> **Records shown**:

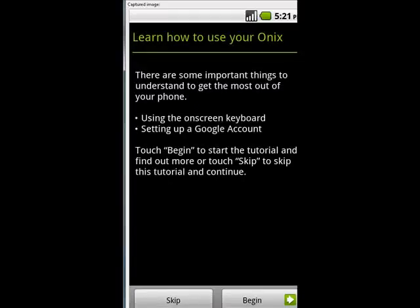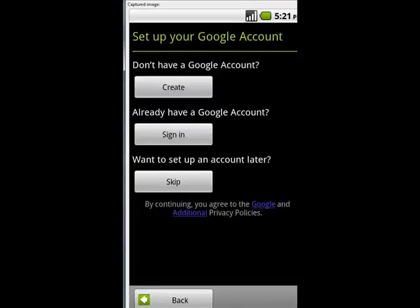Now you see here, there's a learn how to use your Onyx, some important things to understand to get the most out of your phone, using an on-screen keyboard, setting up a Google account. For our purposes here, we're going to skip that, but you would want to go through and set it up just as you did when you first got your Motorola Droid.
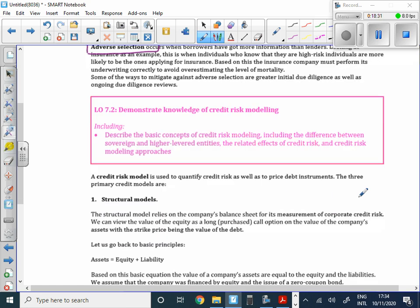We move to learning objective 7.2 — credit risk modeling. We're going to talk specifically about various credit risk models. We're now in credit risk territory, so let's talk about their specific models rather than interest rate models.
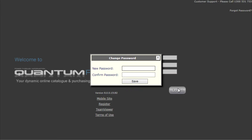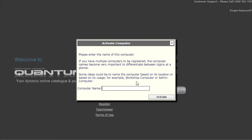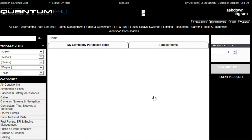For security reasons, the first time you log into the site, you'll be asked to change your password. You'll then be asked to name the computer you'll be using. This can be anything such as your name or the location of the device. In this example, we've used Office. Once you've done this, press activate and you'll be logged into Quantum Pro for the first time.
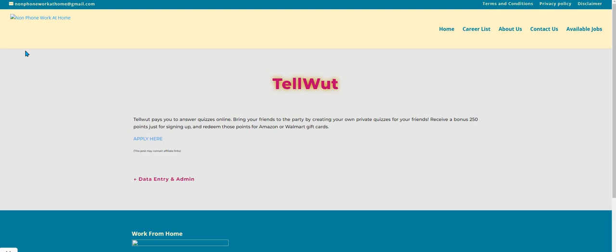You can create quizzes for your friends. You receive points by taking these online quizzes or surveys, and that's how you get paid.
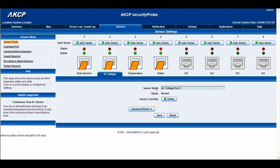You can see we have the sensor name: AC voltage port 2. You can delete this and type in your own title, so we could put 'AC voltage in office computer.' Once you've done that, you can go ahead and click Save to save the new sensor name.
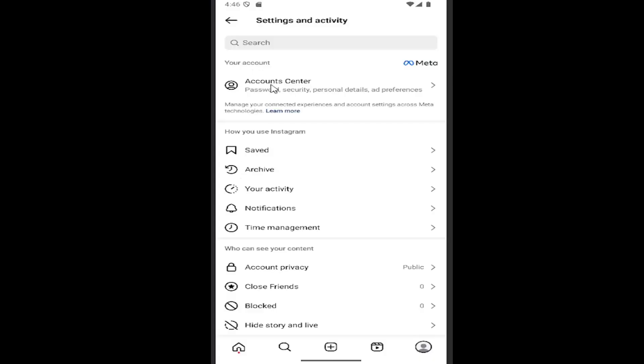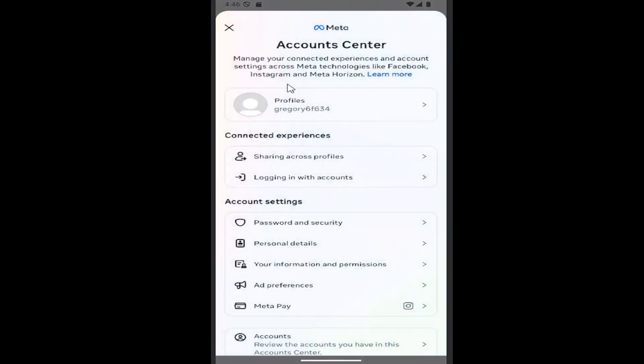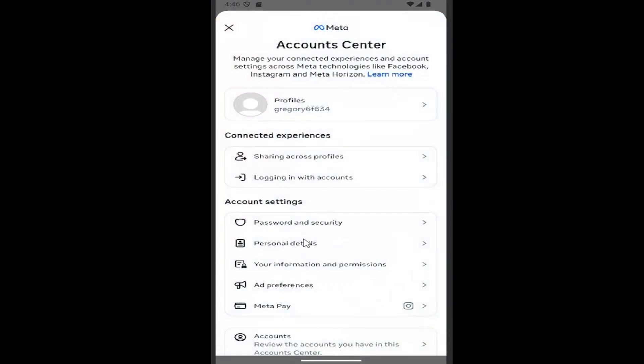And then select where it says Account Center near the top. And then go down underneath where it says Account Settings and select Password and Security.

> **What is needed**:
What you return should be the entries from above, unchanged and without their images.

> **Exercise solution**:
Now you see here, there's a learn how to use your Onyx, some important things to understand to get the most out of your phone, using an on-screen keyboard, setting up a Google account. For our purposes here, we're going to skip that, but you would want to go through and set it up just as you did when you first got your Motorola Droid.
We move to learning objective 7.2 — credit risk modeling. We're going to talk specifically about various credit risk models. We're now in credit risk territory, so let's talk about their specific models rather than interest rate models.
For security reasons, the first time you log into the site, you'll be asked to change your password. You'll then be asked to name the computer you'll be using. This can be anything such as your name or the location of the device. In this example, we've used Office. Once you've done this, press activate and you'll be logged into Quantum Pro for the first time.
You can create quizzes for your friends. You receive points by taking these online quizzes or surveys, and that's how you get paid.
You can see we have the sensor name: AC voltage port 2. You can delete this and type in your own title, so we could put 'AC voltage in office computer.' Once you've done that, you can go ahead and click Save to save the new sensor name.
And then select where it says Account Center near the top. And then go down underneath where it says Account Settings and select Password and Security.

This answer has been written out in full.